*What is expected*. Please copy all of the data that follows exactly, leaving any pictures out.

━━ Supplied information

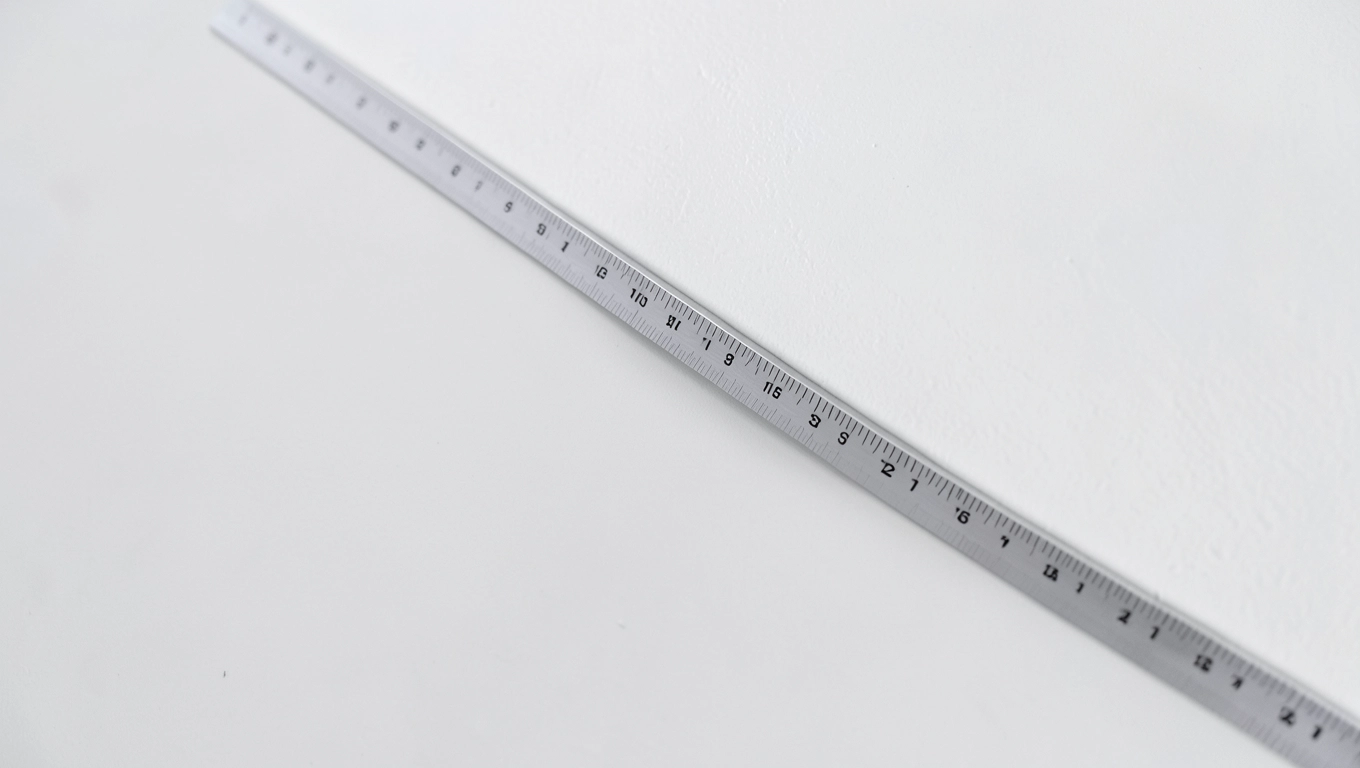 Sprawdzanie równości tynków gipsowych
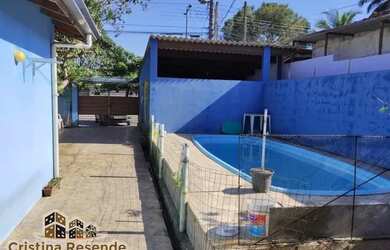 Imagem: A casa possui 5 Dormitórios, 3 Banheiros, 3 Vagas na garagem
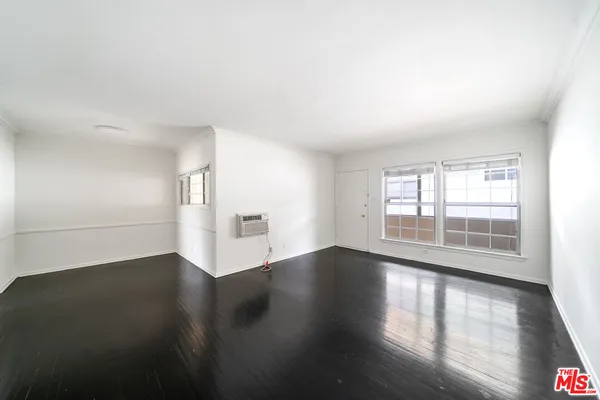 $2,175 | 1051 South Holt Avenue, Unit E, Los Angeles, CA 90035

━━━━

*Answer for the task*.
 Sprawdzanie równości tynków gipsowych
 Imagem: A casa possui 5 Dormitórios, 3 Banheiros, 3 Vagas na garagem
 $2,175 | 1051 South Holt Avenue, Unit E, Los Angeles, CA 90035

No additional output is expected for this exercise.